In the southern province of Sindh, where the floods have washed away huge swathes of the rich farmland on which Pakistan's struggling economy depends, a senior administration official warned that fresh floods threaten the towns of Sujawal, Mirpur Bathoro and Daro.

Hadi Bakhsh Kalhoro told AFP that 400,000 had been warned of the danger posed by rising waters.

Administrator of Thatta district Manzoor Sheikh told AFP that 100,000 people were on the move to safer ground on Thursday.

"My estimate is that there were some 100,000 people moving just today towards safer places, and the movement of people was still continuing," Sheikh said.

The Sindh irrigation minister said waters were in danger of breaching a protective embankment in Garhi Khuda Bakhsh village, where former leaders Benazir Bhutto and her father, as well as her two younger brothers, are buried.

"We have strengthened the embankment because we don't want mausoleums of our martyrs to be flooded," the provincial minister, Saifullah Dharejo, told AFP.

On the Arabian Sea, authorities fear that coastal districts may flood in coming days, trapped by Indus river floods pushing south and rough seas.

"Most people have left Sujawal.

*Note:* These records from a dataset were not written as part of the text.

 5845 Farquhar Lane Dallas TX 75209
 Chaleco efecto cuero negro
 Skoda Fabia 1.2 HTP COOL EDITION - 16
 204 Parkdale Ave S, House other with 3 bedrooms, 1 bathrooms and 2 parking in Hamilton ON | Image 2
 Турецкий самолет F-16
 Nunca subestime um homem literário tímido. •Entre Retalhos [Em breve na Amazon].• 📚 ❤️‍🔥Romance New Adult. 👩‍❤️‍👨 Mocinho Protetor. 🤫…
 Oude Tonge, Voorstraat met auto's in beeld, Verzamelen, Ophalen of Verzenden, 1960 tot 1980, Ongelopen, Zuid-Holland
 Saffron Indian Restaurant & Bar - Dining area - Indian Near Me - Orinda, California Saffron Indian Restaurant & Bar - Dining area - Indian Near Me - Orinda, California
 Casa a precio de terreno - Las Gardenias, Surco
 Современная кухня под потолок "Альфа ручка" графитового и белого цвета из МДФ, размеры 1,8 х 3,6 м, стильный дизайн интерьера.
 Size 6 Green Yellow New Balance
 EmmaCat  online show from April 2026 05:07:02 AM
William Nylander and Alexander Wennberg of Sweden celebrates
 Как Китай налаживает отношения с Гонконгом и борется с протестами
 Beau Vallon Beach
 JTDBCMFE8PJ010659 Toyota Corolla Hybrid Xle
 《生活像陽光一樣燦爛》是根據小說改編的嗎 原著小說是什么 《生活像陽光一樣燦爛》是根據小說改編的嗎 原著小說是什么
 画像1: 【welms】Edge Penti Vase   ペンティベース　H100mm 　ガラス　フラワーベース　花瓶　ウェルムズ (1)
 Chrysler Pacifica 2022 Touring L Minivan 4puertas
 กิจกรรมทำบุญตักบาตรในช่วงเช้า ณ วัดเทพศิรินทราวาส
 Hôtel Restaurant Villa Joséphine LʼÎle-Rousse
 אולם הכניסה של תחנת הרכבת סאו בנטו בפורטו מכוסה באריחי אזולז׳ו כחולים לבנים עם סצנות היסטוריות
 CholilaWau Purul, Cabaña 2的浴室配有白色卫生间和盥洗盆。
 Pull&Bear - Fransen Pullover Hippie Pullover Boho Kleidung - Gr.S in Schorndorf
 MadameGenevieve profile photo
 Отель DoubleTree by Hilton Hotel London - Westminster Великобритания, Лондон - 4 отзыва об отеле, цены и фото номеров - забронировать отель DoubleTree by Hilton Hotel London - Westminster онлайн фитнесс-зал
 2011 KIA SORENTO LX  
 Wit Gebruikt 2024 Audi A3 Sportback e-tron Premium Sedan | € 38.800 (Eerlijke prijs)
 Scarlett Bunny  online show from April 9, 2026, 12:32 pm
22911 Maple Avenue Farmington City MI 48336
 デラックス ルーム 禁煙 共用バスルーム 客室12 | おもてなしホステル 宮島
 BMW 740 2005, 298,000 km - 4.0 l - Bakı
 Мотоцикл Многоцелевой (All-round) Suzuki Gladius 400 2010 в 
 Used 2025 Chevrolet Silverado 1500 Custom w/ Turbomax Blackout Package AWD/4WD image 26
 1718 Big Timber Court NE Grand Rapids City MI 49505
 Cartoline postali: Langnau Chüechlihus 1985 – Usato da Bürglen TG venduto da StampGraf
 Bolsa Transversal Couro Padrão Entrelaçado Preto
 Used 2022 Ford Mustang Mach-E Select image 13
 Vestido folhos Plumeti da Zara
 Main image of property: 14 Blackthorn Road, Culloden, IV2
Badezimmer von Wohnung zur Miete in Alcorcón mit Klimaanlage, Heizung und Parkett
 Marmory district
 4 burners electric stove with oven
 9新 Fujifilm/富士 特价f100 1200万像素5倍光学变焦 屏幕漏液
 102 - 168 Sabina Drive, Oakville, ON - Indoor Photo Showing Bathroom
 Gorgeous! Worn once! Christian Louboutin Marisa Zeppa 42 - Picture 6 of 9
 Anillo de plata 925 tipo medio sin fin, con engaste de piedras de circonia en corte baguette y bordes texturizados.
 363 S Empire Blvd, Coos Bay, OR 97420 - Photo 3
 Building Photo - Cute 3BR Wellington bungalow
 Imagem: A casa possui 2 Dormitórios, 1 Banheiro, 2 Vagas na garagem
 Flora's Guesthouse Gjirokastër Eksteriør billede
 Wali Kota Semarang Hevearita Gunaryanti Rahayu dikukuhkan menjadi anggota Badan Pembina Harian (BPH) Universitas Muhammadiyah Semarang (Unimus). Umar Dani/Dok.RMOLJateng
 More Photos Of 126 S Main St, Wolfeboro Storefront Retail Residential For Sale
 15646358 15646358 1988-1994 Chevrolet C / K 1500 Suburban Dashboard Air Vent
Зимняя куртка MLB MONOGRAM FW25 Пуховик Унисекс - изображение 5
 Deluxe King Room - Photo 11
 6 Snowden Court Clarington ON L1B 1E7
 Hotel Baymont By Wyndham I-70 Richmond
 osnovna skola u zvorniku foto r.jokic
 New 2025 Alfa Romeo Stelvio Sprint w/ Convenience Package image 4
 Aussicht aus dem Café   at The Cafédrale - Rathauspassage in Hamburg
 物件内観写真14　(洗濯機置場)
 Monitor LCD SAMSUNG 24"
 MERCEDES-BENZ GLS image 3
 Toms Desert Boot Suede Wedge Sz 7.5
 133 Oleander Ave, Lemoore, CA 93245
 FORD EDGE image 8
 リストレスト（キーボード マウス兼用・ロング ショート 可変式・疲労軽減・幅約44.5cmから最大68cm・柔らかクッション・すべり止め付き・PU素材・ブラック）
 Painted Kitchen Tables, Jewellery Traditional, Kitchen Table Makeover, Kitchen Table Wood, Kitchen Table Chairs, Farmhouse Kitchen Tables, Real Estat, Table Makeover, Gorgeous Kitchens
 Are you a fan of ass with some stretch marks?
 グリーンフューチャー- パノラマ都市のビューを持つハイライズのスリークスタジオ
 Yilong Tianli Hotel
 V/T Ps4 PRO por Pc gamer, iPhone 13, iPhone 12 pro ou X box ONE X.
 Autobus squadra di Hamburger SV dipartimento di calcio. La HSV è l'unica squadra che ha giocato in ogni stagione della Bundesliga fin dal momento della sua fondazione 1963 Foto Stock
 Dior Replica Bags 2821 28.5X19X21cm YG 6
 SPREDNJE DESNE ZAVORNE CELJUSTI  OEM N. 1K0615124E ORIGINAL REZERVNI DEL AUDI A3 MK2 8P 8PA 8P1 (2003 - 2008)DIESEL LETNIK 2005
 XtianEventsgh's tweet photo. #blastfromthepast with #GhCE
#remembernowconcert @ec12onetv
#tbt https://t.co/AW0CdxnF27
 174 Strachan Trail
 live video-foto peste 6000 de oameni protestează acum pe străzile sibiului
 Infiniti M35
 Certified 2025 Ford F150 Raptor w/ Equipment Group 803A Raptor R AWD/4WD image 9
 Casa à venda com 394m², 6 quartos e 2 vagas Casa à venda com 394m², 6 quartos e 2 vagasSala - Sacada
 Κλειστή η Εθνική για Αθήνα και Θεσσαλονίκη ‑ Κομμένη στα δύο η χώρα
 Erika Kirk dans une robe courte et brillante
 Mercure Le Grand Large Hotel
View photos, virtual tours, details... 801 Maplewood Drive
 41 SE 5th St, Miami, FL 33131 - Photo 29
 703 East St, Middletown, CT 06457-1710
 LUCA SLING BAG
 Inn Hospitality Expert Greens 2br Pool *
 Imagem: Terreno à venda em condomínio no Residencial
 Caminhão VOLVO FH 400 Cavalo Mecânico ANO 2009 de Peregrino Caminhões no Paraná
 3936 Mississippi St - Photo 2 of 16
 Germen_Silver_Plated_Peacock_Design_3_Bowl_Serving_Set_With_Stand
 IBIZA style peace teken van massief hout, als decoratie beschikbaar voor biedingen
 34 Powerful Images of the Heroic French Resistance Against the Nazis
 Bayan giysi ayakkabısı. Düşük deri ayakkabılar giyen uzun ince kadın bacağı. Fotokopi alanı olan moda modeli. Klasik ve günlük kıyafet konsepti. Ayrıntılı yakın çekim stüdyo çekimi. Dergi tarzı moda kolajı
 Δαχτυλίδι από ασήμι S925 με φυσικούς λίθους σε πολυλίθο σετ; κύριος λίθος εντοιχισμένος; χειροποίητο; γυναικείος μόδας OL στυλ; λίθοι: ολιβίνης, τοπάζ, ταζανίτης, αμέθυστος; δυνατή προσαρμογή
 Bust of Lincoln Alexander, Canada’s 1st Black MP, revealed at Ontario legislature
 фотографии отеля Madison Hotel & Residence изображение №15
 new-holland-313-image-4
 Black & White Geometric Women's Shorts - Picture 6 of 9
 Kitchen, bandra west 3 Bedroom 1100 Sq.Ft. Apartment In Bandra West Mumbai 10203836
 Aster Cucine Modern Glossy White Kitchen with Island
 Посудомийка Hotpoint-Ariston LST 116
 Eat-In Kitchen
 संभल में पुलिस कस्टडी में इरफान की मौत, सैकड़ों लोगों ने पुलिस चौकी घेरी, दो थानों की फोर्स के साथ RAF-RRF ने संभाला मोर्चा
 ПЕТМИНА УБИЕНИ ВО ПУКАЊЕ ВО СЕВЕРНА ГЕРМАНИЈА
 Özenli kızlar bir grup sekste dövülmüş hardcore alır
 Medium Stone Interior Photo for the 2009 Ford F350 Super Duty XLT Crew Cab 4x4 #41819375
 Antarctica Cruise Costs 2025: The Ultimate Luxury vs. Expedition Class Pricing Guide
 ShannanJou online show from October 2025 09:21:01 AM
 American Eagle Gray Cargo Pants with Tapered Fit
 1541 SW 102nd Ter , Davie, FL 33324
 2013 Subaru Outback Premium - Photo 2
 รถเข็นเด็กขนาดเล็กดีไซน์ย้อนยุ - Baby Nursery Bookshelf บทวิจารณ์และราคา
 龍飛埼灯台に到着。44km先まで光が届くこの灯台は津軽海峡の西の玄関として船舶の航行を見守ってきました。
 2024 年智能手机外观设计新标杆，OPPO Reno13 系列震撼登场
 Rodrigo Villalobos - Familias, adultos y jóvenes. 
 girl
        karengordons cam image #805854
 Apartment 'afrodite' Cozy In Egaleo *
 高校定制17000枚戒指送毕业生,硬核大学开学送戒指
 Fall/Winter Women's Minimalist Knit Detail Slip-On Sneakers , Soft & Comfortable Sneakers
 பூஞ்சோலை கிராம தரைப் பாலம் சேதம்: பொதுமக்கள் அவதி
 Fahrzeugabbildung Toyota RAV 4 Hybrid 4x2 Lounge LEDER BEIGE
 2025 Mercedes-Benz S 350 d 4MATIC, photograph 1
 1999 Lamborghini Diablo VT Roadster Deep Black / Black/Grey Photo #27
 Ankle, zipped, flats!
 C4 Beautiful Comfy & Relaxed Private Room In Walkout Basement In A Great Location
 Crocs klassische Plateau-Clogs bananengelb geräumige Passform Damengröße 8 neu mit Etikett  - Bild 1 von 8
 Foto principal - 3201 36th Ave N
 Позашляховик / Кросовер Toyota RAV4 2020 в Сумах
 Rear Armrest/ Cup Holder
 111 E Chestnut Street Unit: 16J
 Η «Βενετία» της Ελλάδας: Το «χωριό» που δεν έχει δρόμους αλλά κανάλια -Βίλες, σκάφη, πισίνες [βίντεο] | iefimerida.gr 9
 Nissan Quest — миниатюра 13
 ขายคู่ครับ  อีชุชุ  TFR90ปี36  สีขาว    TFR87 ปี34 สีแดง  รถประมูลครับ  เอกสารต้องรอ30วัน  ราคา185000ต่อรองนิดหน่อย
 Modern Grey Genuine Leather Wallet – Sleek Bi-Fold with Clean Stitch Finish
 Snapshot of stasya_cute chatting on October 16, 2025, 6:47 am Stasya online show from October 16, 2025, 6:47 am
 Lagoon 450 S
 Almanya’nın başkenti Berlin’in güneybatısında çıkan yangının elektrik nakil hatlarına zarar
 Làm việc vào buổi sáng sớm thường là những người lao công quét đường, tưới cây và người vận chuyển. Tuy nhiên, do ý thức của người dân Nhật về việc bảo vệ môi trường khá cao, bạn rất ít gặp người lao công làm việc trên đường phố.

I'm also leaving town with a heavy heart with my family," Mohammed Bakhshal, a 40-year-old farmer, told AFP.

"Local transporters are demanding a lot of money to carry our luggage and families to Thatta and Karachi. I had 15,000 rupees (175 dollars) in savings, which I'm now spending on transport."

The UN warned that 800,000 people in desperate need of aid had been cut off by the deluge across the country and appealed for more helicopters to deliver supplies to those people reachable only by air.

On the ground, the International Organization for Migration (IOM) says 4.5 million people remain in urgent need of shelter.

US State Department spokesman Philip Crowley told reporters in Washington, which has put Pakistan on the front line of efforts to beat back the Taliban in Afghanistan, of the threats facing those helping flood victims.

"We have information of the potential targeting of foreign relief workers in Pakistan, as well as government ministries," he said.

Crowley pointed specifically to the extremist group Tehreek-e-Taliban and voiced concerns that its militants may attack foreigners or government institutions involved in relief efforts.

Holmes said that the United Nations would take "appropriate precautions" against any threats.

The Pakistani Taliban have previously denounced all foreign aid for victims of the country's catastrophic flooding.

The International Monetary Fund (IMF) said Thursday it was exploring "all options" to help the country, which is seeking to ease the terms of a near 11-billion-dollar loan, including emergency funds.

Standard & Poor's said that Pakistan's sovereign credit rating would not be immediately impacted, expressing confidence the IMF would ease loan financing terms to the nation.